Certo i dem vogliono costruire le alleanze, ma se questo atteggiamento di Conte e Calenda si trascina fino alle estreme conseguenze, il Pd con le spalle al muro potrebbe reagire facendo uscire da tutte le giunte i 5stelle e anche Azione, nelle realtà come il Lazio dove governa insieme a Pd e M5s. Ma nel Pd c'è chi, come Francesco Boccia, già si straccia le vesti, perché «o si va avanti con M5s e terzo polo, oppure si perde»: per questo il responsabile enti locali è convinto che alla fine con Conte si riuscirà a trovare un accordo, specie se nel congresso a tesi del Pd prevarrà l'ala «giallorossa».

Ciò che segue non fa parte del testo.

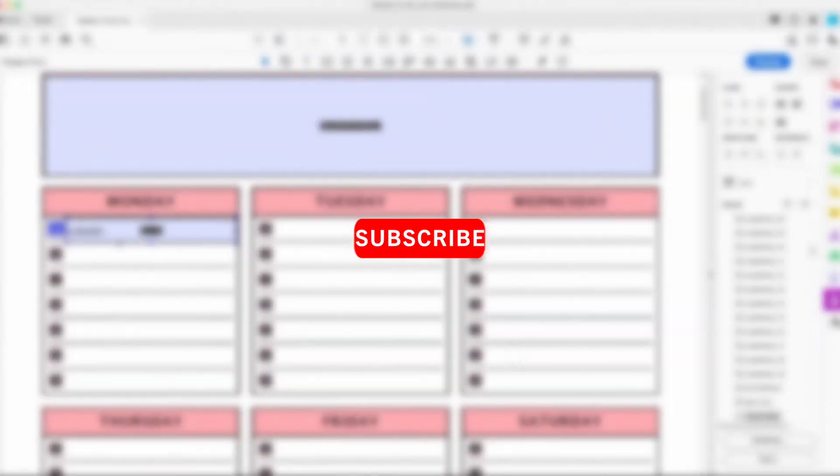So I hope you enjoyed this video. Like and subscribe for more and add a comment below if you have a tutorial that you're interested in seeing.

Peccato che i buoni propositi vengano stroncati dall'alto, perché il leader di Azione dice no ai 5stelle («non saremo in coalizione con loro») e Giuseppe Conte fa sapere che non è aria di accordi, perché «la questione dell'inceneritore a Roma - dice ai suoi - ha fatto cadere un governo, ovvio che sia dirimente per il Lazio». E se Conte «non si fida di questa leadership del Pd», sarà però proprio Enrico Letta e il suo gruppo dirigente a gestire la partita delle regionali. Visto che i gazebo per decidere il nuovo segretario si apriranno alla fine di un lungo percorso congressuale, quando le urne per la scelta del presidente del Lazio saranno già chiuse.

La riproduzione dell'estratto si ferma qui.